» **Provided records**:
-=-=-

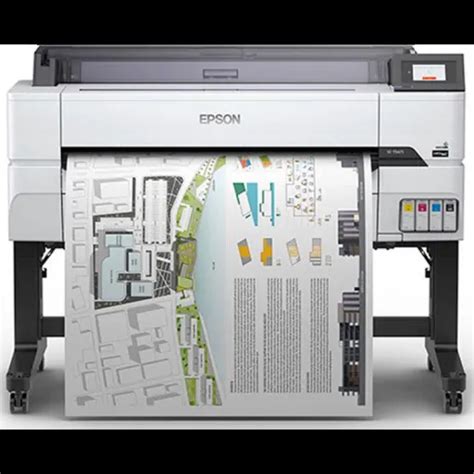 tecnomas cl Plotter Epson SureColor T5475 36 Inyección Tinta color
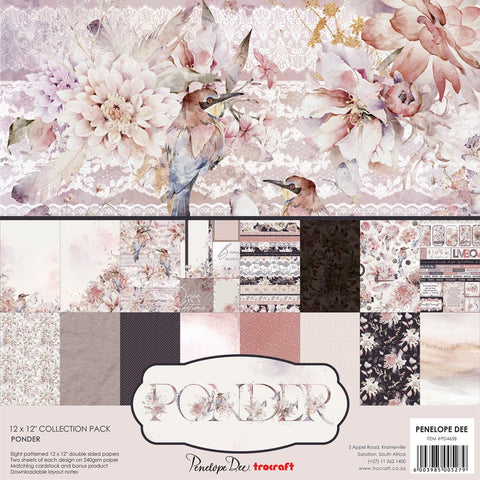 PENELOPE DEE Poder | Collection Pack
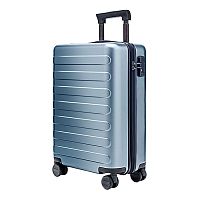Чемодан NINETYGO Rhine Luggage 26" (Синий) — фото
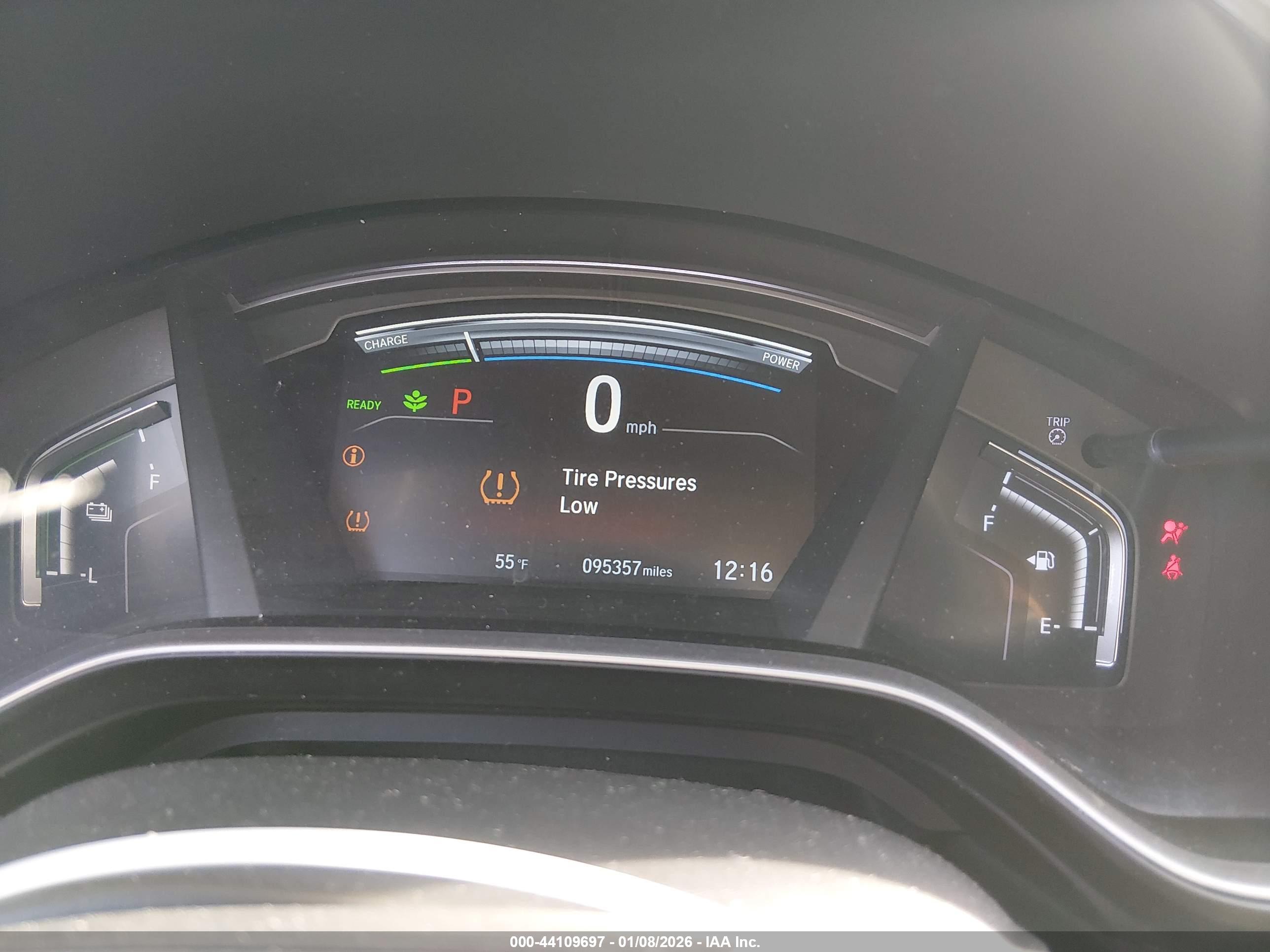 HONDA CR-V image 7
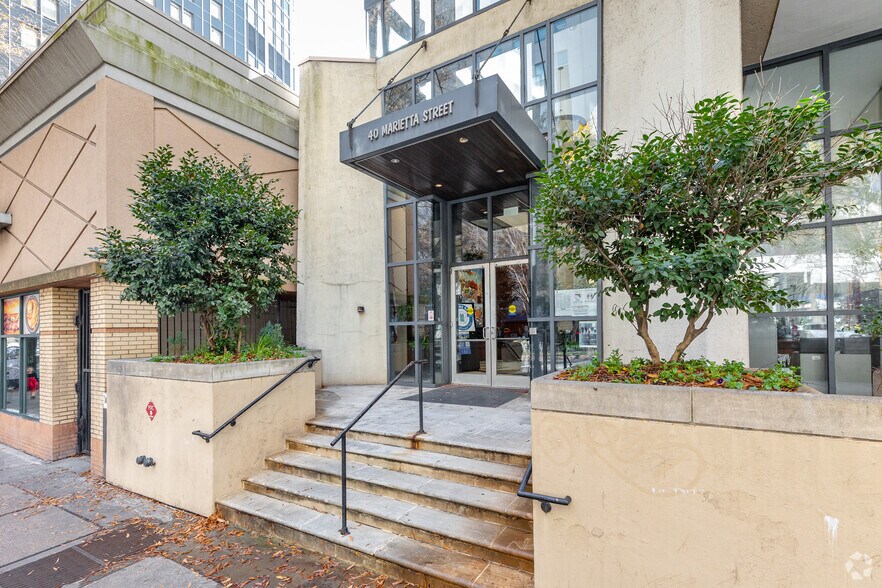More Photos Of 40 Marietta St Nw, Atlanta Office For Lease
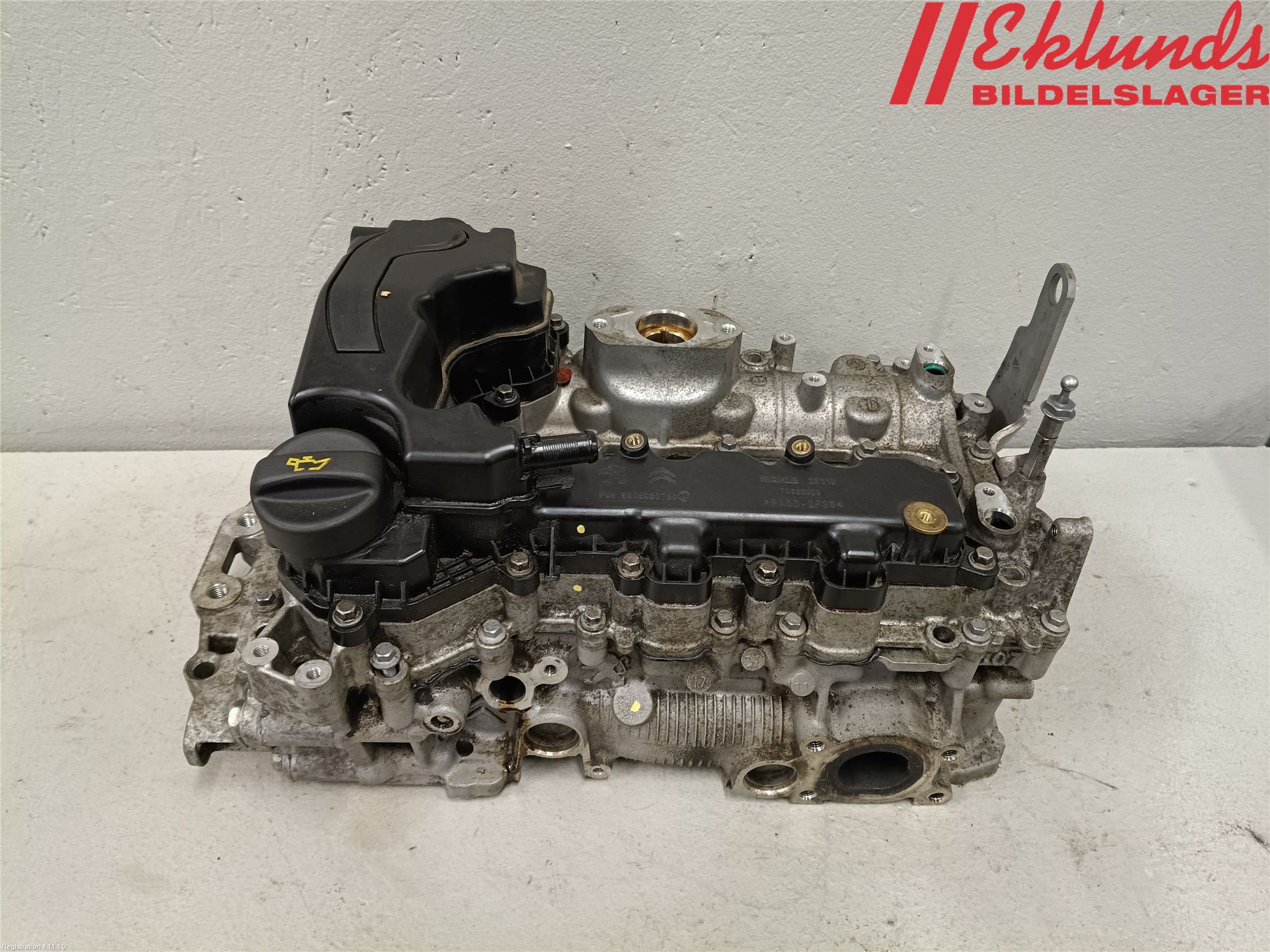 Peugeot 5008 17-24 Topplock Bensin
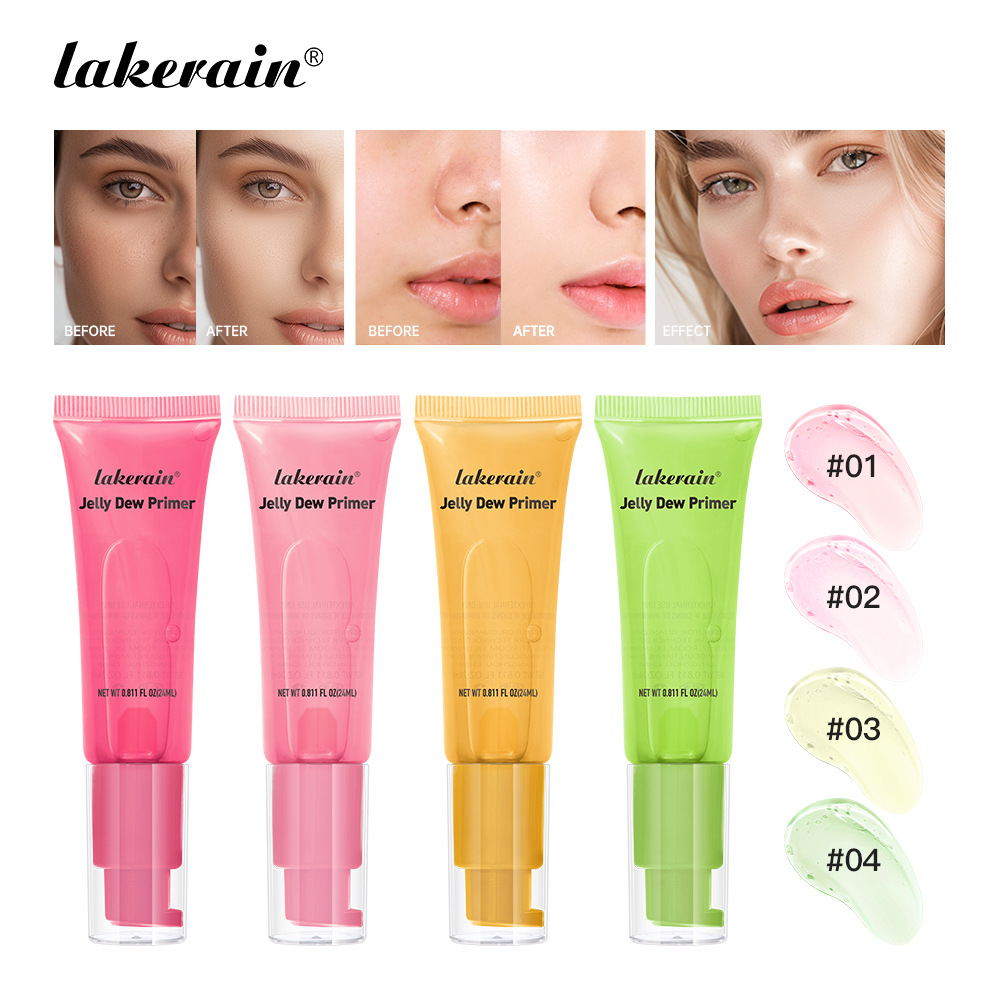 lakerain Primer Gel Primer full figure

-=-=-

» **Assignment**: Retype the listing verbatim, minus every image.

» **Answer for this exercise**:
 tecnomas cl Plotter Epson SureColor T5475 36 Inyección Tinta color
 PENELOPE DEE Poder | Collection Pack
Чемодан NINETYGO Rhine Luggage 26" (Синий) — фото
 HONDA CR-V image 7
More Photos Of 40 Marietta St Nw, Atlanta Office For Lease
 Peugeot 5008 17-24 Topplock Bensin
 lakerain Primer Gel Primer full figure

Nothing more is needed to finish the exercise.